In the articular cartilage of healthy individuals, most chondrocytes are mature chondrocytes.37) The mature chondrocytes produce aggrecan, a complex of sulfated polysaccharides such as CS and core protein, which plays an important role in mediating chondrocyte-chondrocyte and chondrocyte-matrix interactions through its ability to bind to HA.10) A decrease in the amount of ECM, hypertrophic differentiation of mature chondrocytes and ectopic mineralization have been observed in the articular cartilage of patients with OA.1315,3840) Therefore, the ectopic mineralization in OA likely at least partly results from abrogation of the suppressive effect of ALP activity by decreasing the amount of ECM around the chondrocytes.
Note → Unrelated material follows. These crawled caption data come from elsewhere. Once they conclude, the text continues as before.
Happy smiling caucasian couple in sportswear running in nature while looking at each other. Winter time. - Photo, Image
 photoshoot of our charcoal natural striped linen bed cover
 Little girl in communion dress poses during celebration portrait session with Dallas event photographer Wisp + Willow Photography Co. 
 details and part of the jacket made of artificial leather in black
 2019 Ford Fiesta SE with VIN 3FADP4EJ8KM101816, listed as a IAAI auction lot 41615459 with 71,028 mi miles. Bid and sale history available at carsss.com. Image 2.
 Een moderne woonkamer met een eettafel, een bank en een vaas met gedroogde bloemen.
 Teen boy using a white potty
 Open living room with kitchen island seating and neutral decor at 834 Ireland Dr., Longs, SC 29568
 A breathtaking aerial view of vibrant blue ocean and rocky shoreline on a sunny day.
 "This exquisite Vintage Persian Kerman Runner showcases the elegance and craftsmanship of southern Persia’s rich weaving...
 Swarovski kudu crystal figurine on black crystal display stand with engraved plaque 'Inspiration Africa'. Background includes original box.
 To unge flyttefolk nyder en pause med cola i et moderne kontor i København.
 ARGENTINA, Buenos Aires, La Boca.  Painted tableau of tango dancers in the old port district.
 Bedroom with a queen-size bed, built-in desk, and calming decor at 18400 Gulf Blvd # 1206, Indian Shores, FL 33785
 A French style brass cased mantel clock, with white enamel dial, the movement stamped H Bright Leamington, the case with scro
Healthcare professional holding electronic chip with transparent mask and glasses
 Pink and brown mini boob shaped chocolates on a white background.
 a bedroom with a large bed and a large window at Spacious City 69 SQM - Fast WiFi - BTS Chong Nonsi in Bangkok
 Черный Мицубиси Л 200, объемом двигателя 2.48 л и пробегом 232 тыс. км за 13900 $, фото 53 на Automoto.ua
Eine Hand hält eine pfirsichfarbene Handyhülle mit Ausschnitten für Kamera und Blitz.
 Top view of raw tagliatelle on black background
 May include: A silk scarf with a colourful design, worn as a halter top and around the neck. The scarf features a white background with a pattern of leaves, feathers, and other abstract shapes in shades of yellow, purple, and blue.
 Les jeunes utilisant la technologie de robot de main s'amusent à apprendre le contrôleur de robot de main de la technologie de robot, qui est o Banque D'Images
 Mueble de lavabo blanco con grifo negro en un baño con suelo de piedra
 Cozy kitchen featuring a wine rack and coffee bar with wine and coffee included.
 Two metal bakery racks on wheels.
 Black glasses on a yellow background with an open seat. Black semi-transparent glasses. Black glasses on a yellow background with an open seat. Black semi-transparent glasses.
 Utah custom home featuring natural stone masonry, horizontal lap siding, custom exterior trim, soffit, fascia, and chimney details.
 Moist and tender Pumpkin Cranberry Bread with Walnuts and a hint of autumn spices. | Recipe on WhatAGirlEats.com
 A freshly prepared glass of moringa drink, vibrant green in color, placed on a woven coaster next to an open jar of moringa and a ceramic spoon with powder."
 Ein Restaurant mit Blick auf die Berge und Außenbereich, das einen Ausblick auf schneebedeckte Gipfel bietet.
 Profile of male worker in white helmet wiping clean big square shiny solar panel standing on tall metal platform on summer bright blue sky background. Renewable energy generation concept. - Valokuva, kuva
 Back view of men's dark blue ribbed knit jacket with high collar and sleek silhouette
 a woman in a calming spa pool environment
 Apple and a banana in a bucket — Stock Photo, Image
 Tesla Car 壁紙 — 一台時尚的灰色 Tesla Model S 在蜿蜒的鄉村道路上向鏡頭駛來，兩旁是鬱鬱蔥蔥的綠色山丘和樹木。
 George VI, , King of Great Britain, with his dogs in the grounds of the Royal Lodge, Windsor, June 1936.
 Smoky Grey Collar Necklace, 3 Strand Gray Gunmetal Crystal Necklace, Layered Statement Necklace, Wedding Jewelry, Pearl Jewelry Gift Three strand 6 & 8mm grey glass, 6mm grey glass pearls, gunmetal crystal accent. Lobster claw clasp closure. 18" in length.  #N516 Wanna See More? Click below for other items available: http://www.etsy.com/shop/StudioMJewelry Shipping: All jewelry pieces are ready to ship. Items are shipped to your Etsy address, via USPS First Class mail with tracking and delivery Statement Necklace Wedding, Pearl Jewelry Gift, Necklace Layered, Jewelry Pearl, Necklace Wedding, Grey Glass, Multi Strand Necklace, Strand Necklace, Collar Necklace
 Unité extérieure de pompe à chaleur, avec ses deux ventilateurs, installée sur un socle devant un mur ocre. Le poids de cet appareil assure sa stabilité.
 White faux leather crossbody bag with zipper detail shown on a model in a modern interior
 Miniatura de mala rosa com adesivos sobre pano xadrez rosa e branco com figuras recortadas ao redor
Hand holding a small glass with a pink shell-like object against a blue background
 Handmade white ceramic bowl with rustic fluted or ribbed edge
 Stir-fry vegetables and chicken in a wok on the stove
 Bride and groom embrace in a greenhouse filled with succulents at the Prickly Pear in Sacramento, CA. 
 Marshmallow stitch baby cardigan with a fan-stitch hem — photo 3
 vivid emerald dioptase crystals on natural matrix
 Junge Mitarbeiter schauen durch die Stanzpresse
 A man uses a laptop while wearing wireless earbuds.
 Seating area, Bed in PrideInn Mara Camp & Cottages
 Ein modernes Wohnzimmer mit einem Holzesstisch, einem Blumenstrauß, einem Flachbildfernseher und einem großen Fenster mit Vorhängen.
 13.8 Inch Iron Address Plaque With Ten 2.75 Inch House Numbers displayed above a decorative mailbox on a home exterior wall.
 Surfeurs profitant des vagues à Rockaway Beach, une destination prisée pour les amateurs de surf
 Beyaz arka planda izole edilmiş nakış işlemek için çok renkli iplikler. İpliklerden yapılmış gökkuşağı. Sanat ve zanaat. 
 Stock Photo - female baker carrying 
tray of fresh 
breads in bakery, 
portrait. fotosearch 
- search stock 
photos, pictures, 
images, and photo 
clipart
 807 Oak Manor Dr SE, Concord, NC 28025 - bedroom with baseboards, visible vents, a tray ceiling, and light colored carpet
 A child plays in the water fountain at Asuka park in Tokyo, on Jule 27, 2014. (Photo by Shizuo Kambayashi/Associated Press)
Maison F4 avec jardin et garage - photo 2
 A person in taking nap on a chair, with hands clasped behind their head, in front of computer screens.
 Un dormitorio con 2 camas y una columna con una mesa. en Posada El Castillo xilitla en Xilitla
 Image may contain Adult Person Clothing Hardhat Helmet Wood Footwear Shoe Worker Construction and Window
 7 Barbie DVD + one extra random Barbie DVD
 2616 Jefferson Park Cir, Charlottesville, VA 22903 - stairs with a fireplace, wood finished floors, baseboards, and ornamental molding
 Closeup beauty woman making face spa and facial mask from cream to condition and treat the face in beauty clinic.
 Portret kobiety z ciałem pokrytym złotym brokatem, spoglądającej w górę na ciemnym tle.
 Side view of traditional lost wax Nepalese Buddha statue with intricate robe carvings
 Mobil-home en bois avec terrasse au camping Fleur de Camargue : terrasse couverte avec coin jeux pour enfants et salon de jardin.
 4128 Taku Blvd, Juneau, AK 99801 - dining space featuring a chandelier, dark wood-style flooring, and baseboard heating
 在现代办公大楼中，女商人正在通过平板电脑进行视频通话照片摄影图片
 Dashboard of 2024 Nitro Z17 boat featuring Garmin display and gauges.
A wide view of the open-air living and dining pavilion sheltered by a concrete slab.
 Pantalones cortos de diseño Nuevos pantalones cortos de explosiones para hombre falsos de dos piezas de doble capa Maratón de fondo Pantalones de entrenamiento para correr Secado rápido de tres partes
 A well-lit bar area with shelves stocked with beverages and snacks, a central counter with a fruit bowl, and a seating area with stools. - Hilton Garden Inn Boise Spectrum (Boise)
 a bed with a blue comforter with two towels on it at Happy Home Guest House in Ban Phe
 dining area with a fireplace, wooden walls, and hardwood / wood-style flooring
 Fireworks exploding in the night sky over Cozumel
In conclusion, we identify a new role of supplemented CS in chondrogenic differentiation, that CS directly suppresses ALP activity to arrest chondrogenic differentiation. Our finding would be useful for the treatment for ectopic mineralization of chondrocytes. Further experiments are now in progress to clarify the interaction between CS and ALP in chondrocytes.

Acknowledgment

We thank Zeria Pharmaceutical Co., Ltd. for providing CS and HA for use in this study.

Conflict of Interest

Masahiro Wada received a Research Grant from Zeria Pharmaceutical Co., Ltd.